Abstract

Abstract Background Bloodstream infections (BSI) impact outcomes in critically ill patients. Institutions and quality and performance improvement efforts to minimize catheter associated infections are valued to optimize outcomes. While intra-aortic balloon pumps (IABP) implanted through the axillary route have been recently used in cardiogenic shock patients for prolonged support, the incidence and associated significance of BSI remains unknown in this cohort. The aim of this study was to assess the incidence of BSI in patients with axillary-placed IABP and evaluate its impact on patient outcomes. Methods We retrospectively reviewed 141 patients that underwent axillary IABP placement from May 2016 through August 2020. The primary endpoint was the incidence of BSI during axillary IABP, reported as the proportion of patients who developed a BSI and BSI per 1000-device days. Results BSI occurred in 13% of patients and accounted for 4.3 infections per 1000-device days. Prior femoral device use and longer duration of axillary IABP support occurred more frequently in the BSI cohort.
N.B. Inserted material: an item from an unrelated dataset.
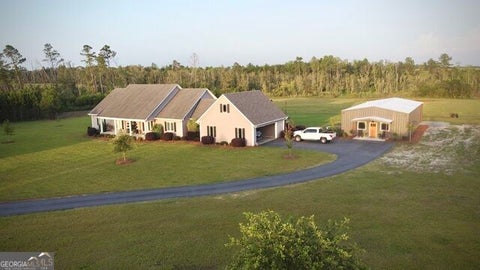 Photo for 2493 Broxton HWY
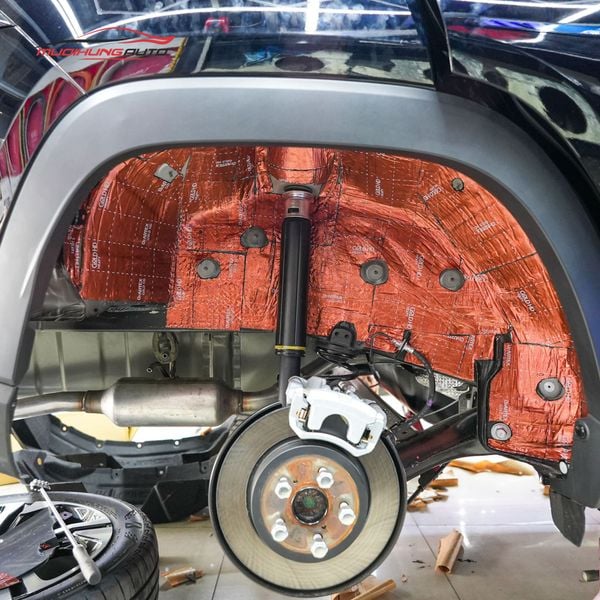 Cách Âm Hốc Bánh Toyota Yaris Cross 2024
Presence of traditional BSI risk factors including central line days, use of parenteral nutrition, and prior positive cultures did not differ between those who developed BSI and those who did not. The rate of end-outcome attainment (transplant, LVAD, recovery) was not statistically different in those that developed BSI vs not (72% vs 88% p=0.08). A total of 41% of BSI were caused by Staphylococcus epidermidis. Use of peri-procedural antimicrobials was associated with lower risk of BSI development (24% vs 8%; p=0.01) Conclusion Patients in cardiogenic shock requiring use of life-saving temporary mechanical support pose a challenge to maintain free of BSI during prolonged support with an indwelling catheter that allows for ambulation and movement. Mitigation of modifiable BSI risk factors, such as the use of peri-procedural antimicrobial prophylaxis, accompanied by a low threshold for screening and treatment are reasonable strategies to improve patient outcomes. Future research is needed to further evaluate BSI risk in this patient population and its subsequent impact on patient outcomes. Disclosures All Authors: No reported disclosures.